For the first time on Tuesday, Holdsclaw said that his wife died by suicide, shooting herself after overhearing him telling a neighbor, Magaly Thalacker, that he intended to send her to a memory care facility. The conversation, according to Holdsclaw, took place in a phone call the night before his wife's death.
Thalacker specifically told police in a recorded interview right after the shooting that she had not called Holdsclaw that night. When called to the stand and asked directly about the call on Wednesday, Thalacker was indecisive. She said that she didn't remember whether or not she had called him. Then she said that she thought she recalled checking on him, and that it would have been by phone.
Holdsclaw's defense attorney, Rocky Lutz, said in his closing arguments that forensic evidence in the case pointed to suicide. He said that Helms appeared to have been shot at close range, and as an experienced marksman, Holdsclaw wouldn't have killed her that way. He also said that the shot appeared to have been fired upwards at an angle, supporting Holdsclaw's testimony about his wife's death.
He said that the state was relying on statements Holdsclaw made while suffering from an injury that eventually caused him to develop sepsis, right after witnessing a traumatic event.
Holdsclaw, Lutz said, was protecting his wife.
They had "a protective relationship that would be hard to believe, except it was corroborated by the surrounding neighbors, who testified to the numerous sacrifices Rickey would make to keep her safe and away from harm."
It was "a marriage or relationship that can only be best described as what we read about or is written in fairy tales," Lutz said. "The undisputed evidence is that Rickey made every effort to protect her, not hurt her."
In her closing statements, prosecutor Kristen Northrup accused Holdsclaw of perjury.

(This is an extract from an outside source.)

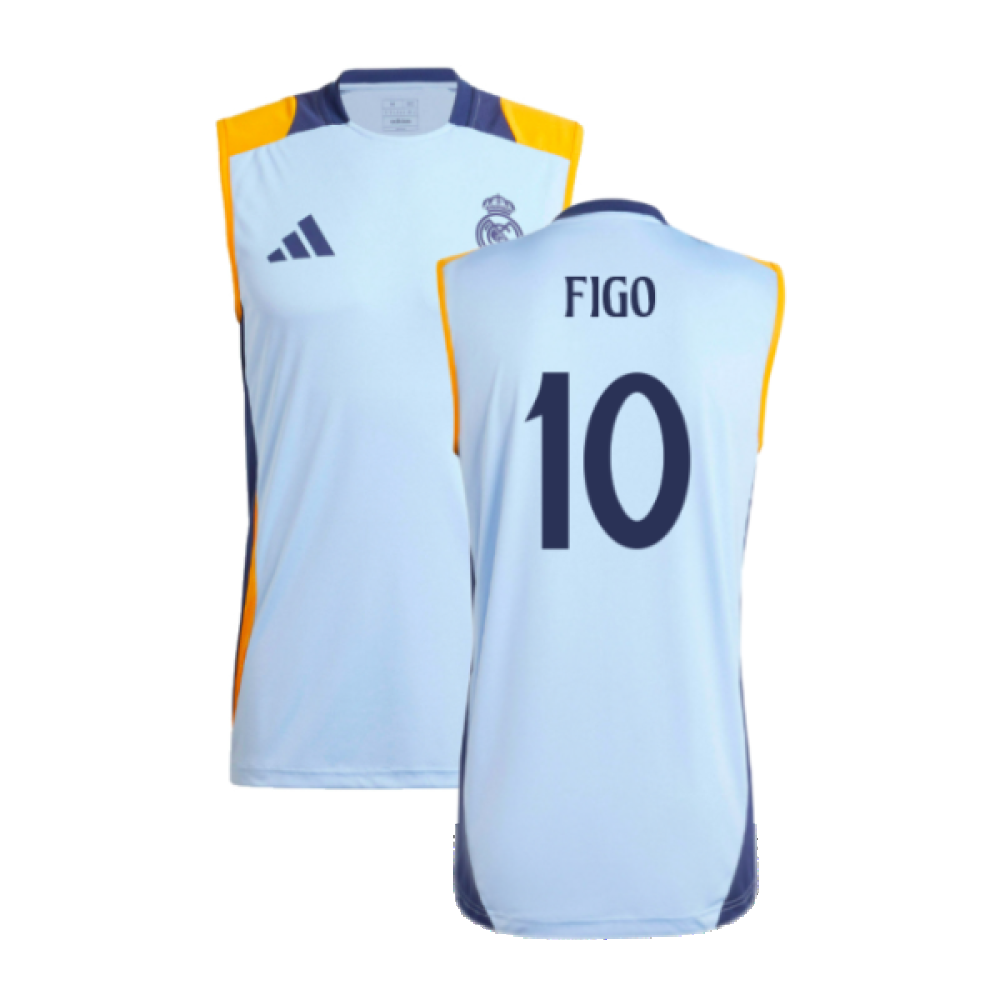 2024-2025 Real Madrid Sleeveless Jersey (Glow Blue) (Figo 10)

"Perjury is a crime, and that's what this court heard from Mr. Holdsclaw over the last two days," she said. "Not only did Mr. Holdsclaw shoot and kill his wife, Judy Helms, on March 4, 2021, he tried to make her the scapegoat four years later in this courtroom by claiming that she killed herself. The only reason for that is for him to not be held accountable, and that is shameful."

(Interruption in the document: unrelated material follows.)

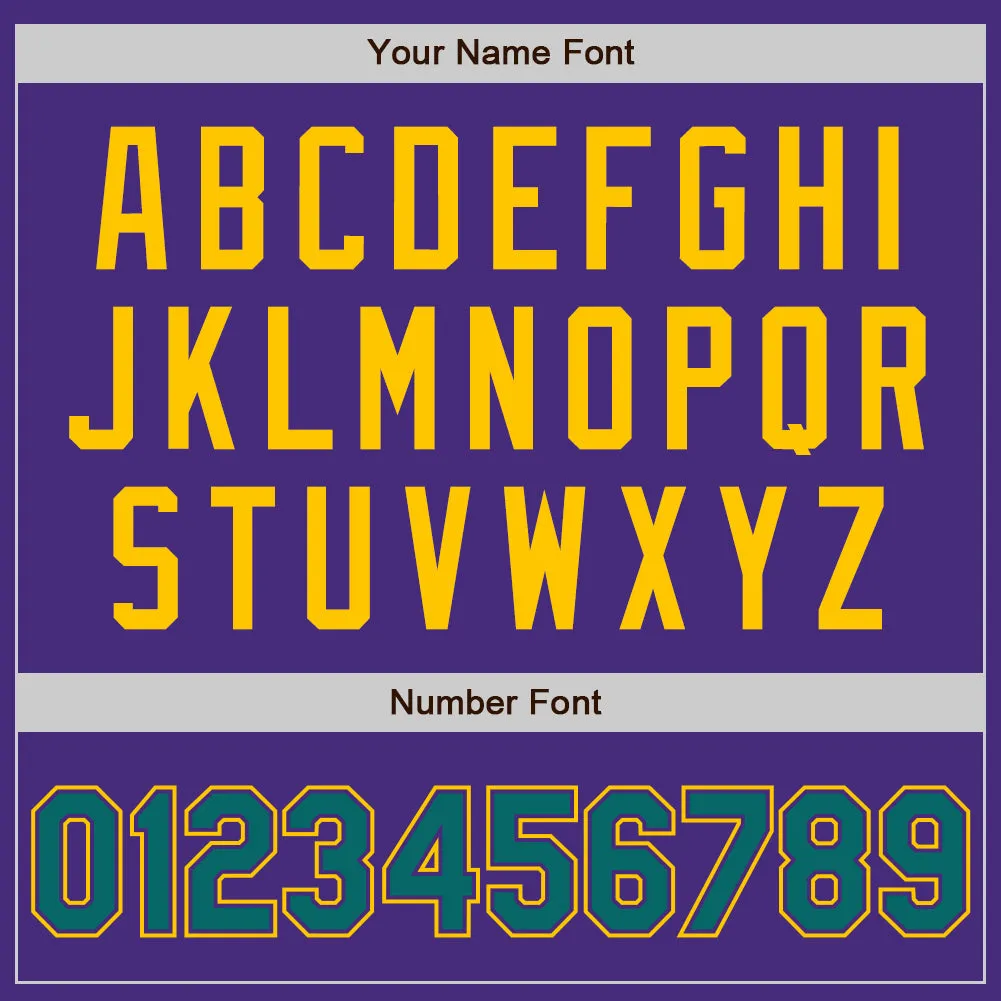 Custom Purple Teal-Yellow Authentic Two Tone Baseball Jersey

She said he made the decision while incarcerated that he wanted to be a free man.
"And now he is risking imprisonment, and that is why, four years later, he came up with this story that's never been told before," she said. "Until yesterday, there was reason to feel sympathy for Mr. Holdsclaw. In the end, after his testimony, this in fact was a murder. This defendant killed his wife, and he did so intentionally."

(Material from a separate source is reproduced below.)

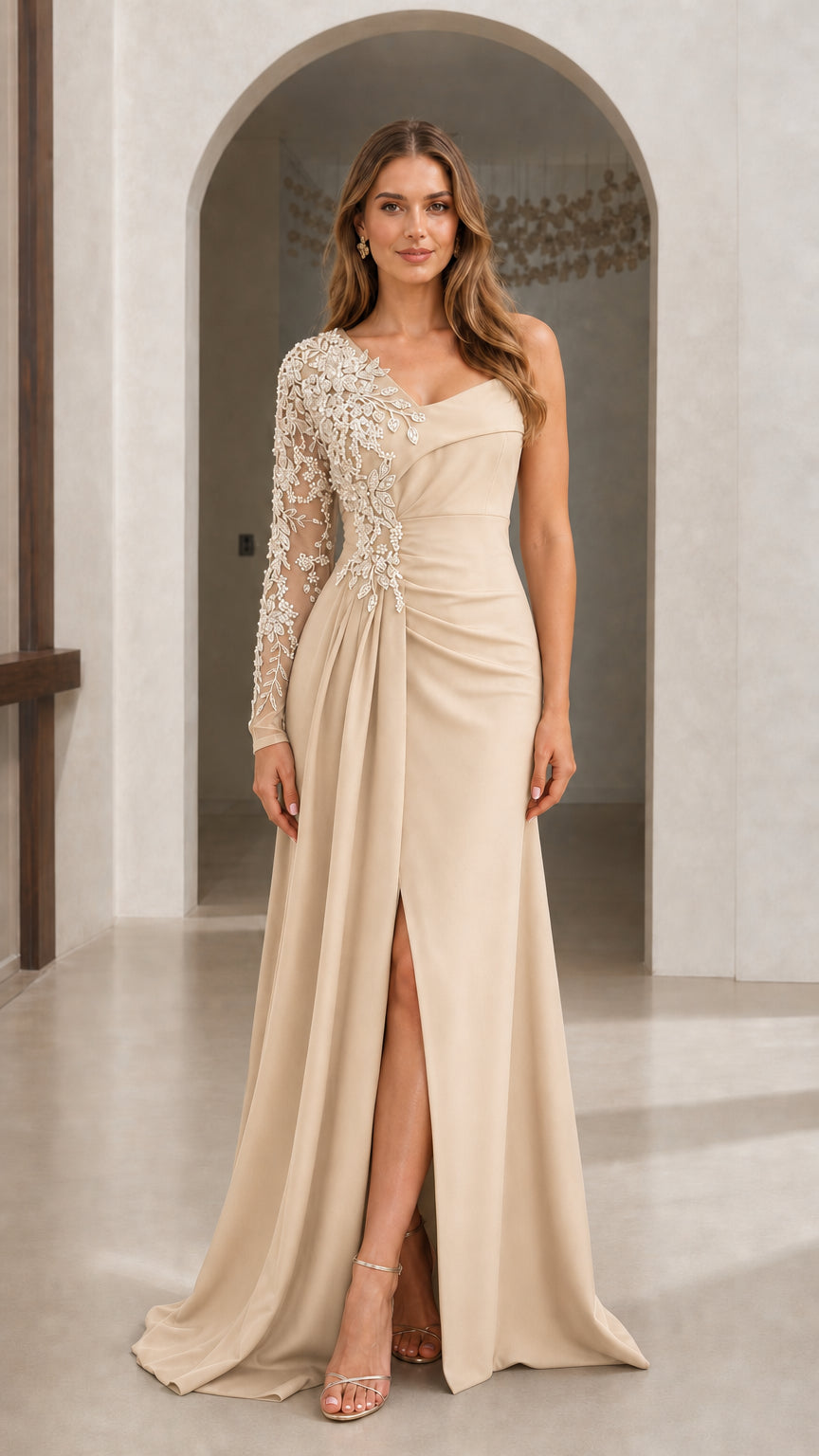 Champagne beige one-shoulder evening gown with silver crystal floral sleeve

Northrup said that the two most important pieces of evidence were the blue blanket that was covering Helms, which had a bullet hole in it, and Helms' body. She contradicted Lutz's characterization of the forensic evidence, saying that the bullet entered Helms' body through her right breast, not at an angle, but "virtually parallel across her chest," landing in her back.
"That is inconsistent with his testimony that she could have shot herself," Northrup said.
She also said that Holdsclaw claimed to have checked his wife's pulse, but he had no blood on his hands.
"We've heard a lot about him and very little about the woman he killed," she said.
In the end, Phillips didn't buy Holdsclaw's new story about what happened.
Without pausing to deliberate, he said after the attorneys presented their closing arguments that he did not feel Helms' death was a mercy killing, and he found Holdsclaw guilty of voluntary manslaughter and sentenced him to about five to seven years in prison. Holdsclaw spent 33 months, or almost three years, in prison before his trial.